Entram todos em uma casa. Essa casa não tem ralo, não tem por onde escorrer a sujeira há tanto guardada, mas se sente confortável, mesmo com dores no corpo por conta da corrida e da gravidez indesejada. De mãos dadas com amigos tenta se esconder do TIRÂNICO, seu marido, da culpa do desejo do aborto do MEDO... Espera sentada, com a filha no colo.

Amigos reunidos lhe dizem: - Nessa casa você não está entre leões, mas entre a solução do seu conflito e a palavra não dita. Está preparada para ver o horror que você cria em seu ventre. Irá fazer dele seu bom humor.

Ela põe a filha no colo e pensa: "- É melhor enfrentar o horror de ter em mim um MONSTRO, que apanhar e ser estuprada todos os dias pela agressividade do meu SUPEREU maldito".

Antes de ver o horror no vídeo, ela pede para orar o Pai Nosso, como a mãe ensinou:..."Pois teu é o reino, o poder e a glória para sempre". Pede para a filha tapar os olhinhos com as mãozinhas que ficam entre abertas com sorriso maroto nos lábios olhando para a tela.  Ela verá o horror de ser ela mesma quem guarda seu tormento.

Ela acolhe as palavras, diz que vai ver o horror antes de abortar o monstro, fruto da violência, e vê tatuado no braço de um dos seus amigos: * = em baixo disso um instrumento musical de sopro.
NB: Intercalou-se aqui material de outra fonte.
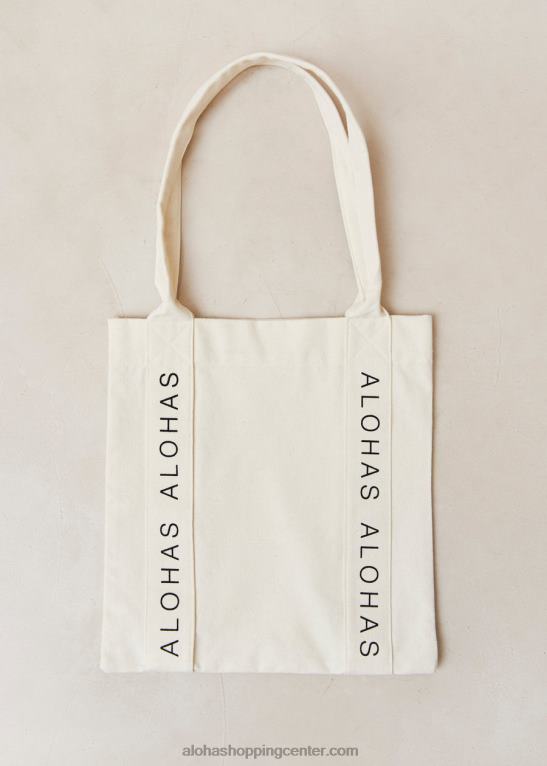 poletje ljubezni - bela bombažna torbica ženske Alohas 0D4R81216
Inicialmente ela pensa: É o demônio! Fica com medo, mas depois, em sua frente flutua a palavra DESTINO.

Aperta o play. Sem pause ou stop encara o ultra som do bicho.

Não se recuperou ainda. Guarda um feto e uma serpente em seu corpo, um medo e angústia em forma de bicho, mas luta sem stop admitindo para ela mesma que está longe de ser uma mulher do século XXI, mas agradecendo ao vento que lhe move, ter criado uma menina de outra geração.

Palavras chave: SUPEREU TIRÂNICO, MEDO, ESPERANÇA.